For another, it forces the players to think about the game like coaches, coming up with a strategy and then going out and executing that strategy. It gives them an appreciation of the thought that goes into drawing up the plays, so they know exactly what they’re doing out there on the floor.

And finally, it gives the players a reason to work harder out on the floor itself, since they’re not only coming up with the plays, but nobody wants to be the guy who let his teammates down by missing a rotation or not getting to an assigned spot on the floor. It fosters team cohesion because now you’ve got guys who aren’t necessarily just letting the coaching staff down. They’re letting down the guys they share the immediate common goal of winning through actual play.

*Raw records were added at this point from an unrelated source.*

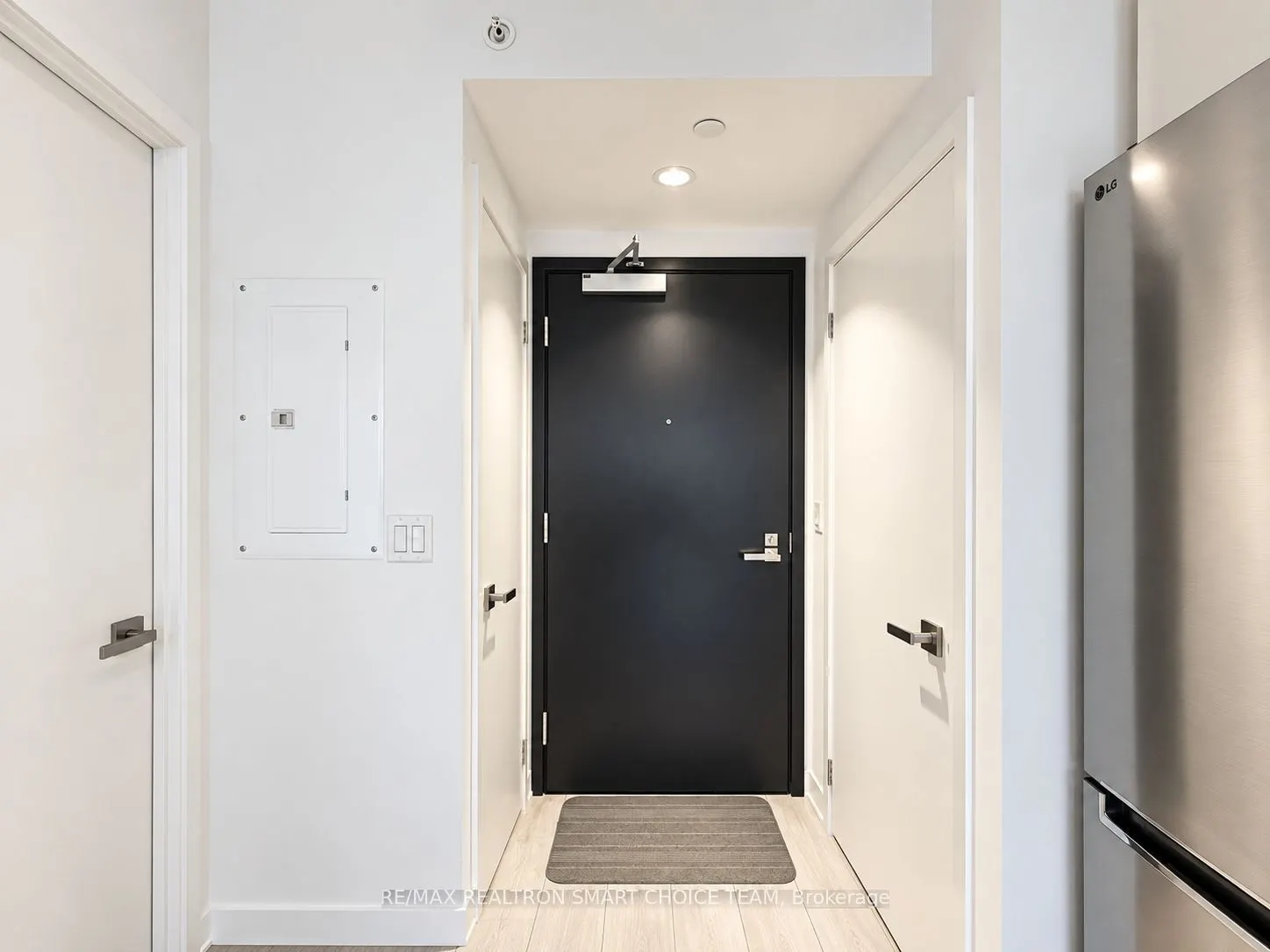 31 Tippett Road #427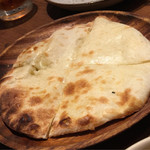 カッチャル バッチャル - チーズクルチャ（600円）
                                これは熱々の状態で食べるのがいいですね。
                                ワインに良く合います。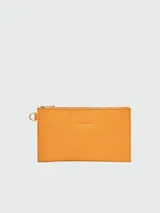 Pochette rectangular de cuero granulado color naranja, con cierre superior metálico y argolla lateral para enganche. Presenta el logo de la marca grabado en el centro.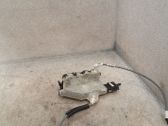 Cerradura de puerta trasera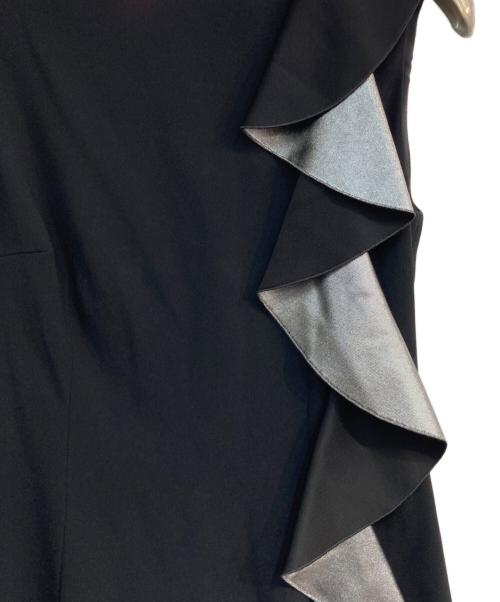 PAULE KA（ポールカ）PAULE KA (ポールカ) フリルノースリーブワンピース ブラック×シルバー サイズ:36の古着・服飾アイテム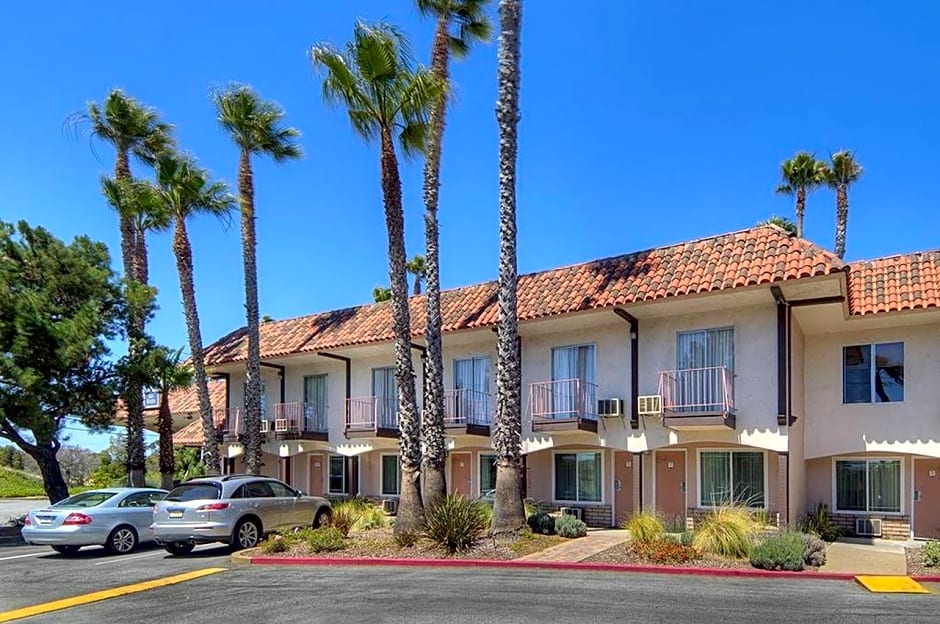 Hampton Inn & Suites San Mateo-San Francisco Airport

No amount of rah-rah from the sideline is going to bridge that divide. Even if the coaches and players both benefit from winning, in a war, there’s a big difference between a general and a grunt. Blurring that line and making the grunts into generals for a day reminds everyone what they’re fighting for.

And, of course, with that mindset put into them, the Warriors didn’t just win, they embarrassed their opponent and beat the Suns by 46 points.

Not every team can do this, though.

Cavaliers coach Tyronn Lue joked that if he were to try handing control over to the players, all it would do would be to reinforce the popular joke that LeBron James is the actual coach of the Cavs and that Lue is nothing but a figurehead.

But on the other hand, in Boston, Brad Stevens often lets the players run the practices, figuring that the team can learn more from each other than they can learn from simply being commanded like a drill sergeant in basic:

And it’s also worth noting that the Warriors and Celtics are teams with strong veteran leadership, teams where guys either interact as equals at the top of the food chain (like the Warriors’ Big Four) or through guys like Al Horford and Kyrie Irving using their career as winning players with All-Star caliber ability to inspire the younger guys like Jayson Tatum and Jaylen Brown to be the best they can be and represent the “Celtic Pride” that is the cornerstone of the organization’s culture.

The point is that letting the guys actually doing the work have a say in how the work is done is good management when it’s done in business.

And what’s good business also seems to be good basketball.